2.2 不同植物乳植杆菌及后生元对小鼠皮肤水分、弹性的影响
D-半乳糖的过量积累可引起皮肤发生氧化应激,其产生的自由基可攻击HA聚合物导致HA降解[15],同时攻击真皮层纤维细胞,导致屏障功能受损,发生皮肤水分和弹性均下降的衰老迹象[16]。由图2-a和图2-b所示,模型组小鼠皮肤水分和弹性相比于空白组组显著降低(P<0.001),CCFM1296-L组显著增加了D-半乳糖诱导小鼠的皮肤水分和弹性(P<0.001),而CCFM1296-D虽然也提高了皮肤水分与弹性,但皮肤水分与模型组相比无显著性差异(P>0.05),其他植物乳植杆菌以及制备的后生元对注射D-半乳糖后的皮肤水分和皮肤弹性无显著影响(P>0.05)。皮肤微生物组成具有年龄相关性,年轻女性的皮肤微生物多样性高于年老女性[17],一些研究表示口服益生菌或后生元能够改善皮肤微生物多样性,减少皮肤衰老迹象[18],其次,肠道微生物群失衡导致的肠道微生态失调,与皮肤不良反应有关。
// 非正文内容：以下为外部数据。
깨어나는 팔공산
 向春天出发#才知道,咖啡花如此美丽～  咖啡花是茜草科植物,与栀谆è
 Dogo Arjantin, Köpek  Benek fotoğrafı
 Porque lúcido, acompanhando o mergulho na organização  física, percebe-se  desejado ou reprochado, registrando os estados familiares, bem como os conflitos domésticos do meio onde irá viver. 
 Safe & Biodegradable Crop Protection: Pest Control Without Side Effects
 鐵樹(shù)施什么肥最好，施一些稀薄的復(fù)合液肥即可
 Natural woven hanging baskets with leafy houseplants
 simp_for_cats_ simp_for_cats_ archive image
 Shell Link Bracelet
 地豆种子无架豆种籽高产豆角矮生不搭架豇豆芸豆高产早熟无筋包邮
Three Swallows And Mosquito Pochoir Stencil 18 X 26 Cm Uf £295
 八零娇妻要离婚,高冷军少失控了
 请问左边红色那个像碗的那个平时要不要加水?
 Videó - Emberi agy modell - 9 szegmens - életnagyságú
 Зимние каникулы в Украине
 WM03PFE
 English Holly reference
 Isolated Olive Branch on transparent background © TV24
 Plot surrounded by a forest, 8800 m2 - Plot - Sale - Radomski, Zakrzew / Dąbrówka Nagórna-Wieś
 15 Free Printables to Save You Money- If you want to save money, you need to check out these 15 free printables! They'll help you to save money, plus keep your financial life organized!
肠道微生态失衡后分泌的游离苯酚和对甲酚进入循环并蓄积在皮肤中,导致角质细胞尺寸减小和水分流失[19]。口服益生菌和后生元可减少苯酚和对甲酚水平,并增强角质层水合作用[20-21],这表明益生菌可能通过调节肠道或皮肤微生物群平衡来恢复皮肤稳态。
图1 实验期间小鼠体重变化
Fig.1 Body weight changes in different groups of mice
a-皮肤水分;b-皮肤弹性
图2 不同植物乳植杆菌及后生元对小鼠皮肤水分、弹性的影响
Fig.2 Effects of different Lactiplantibacillus planturum and postbiotics on skin moisture and elasticity in mice
注:与对照组比较,#P<0.05,##P<0.01,###P<0.001; 与模型组比较,*P<0.05,**P<0.01,***P<0.001(下同)。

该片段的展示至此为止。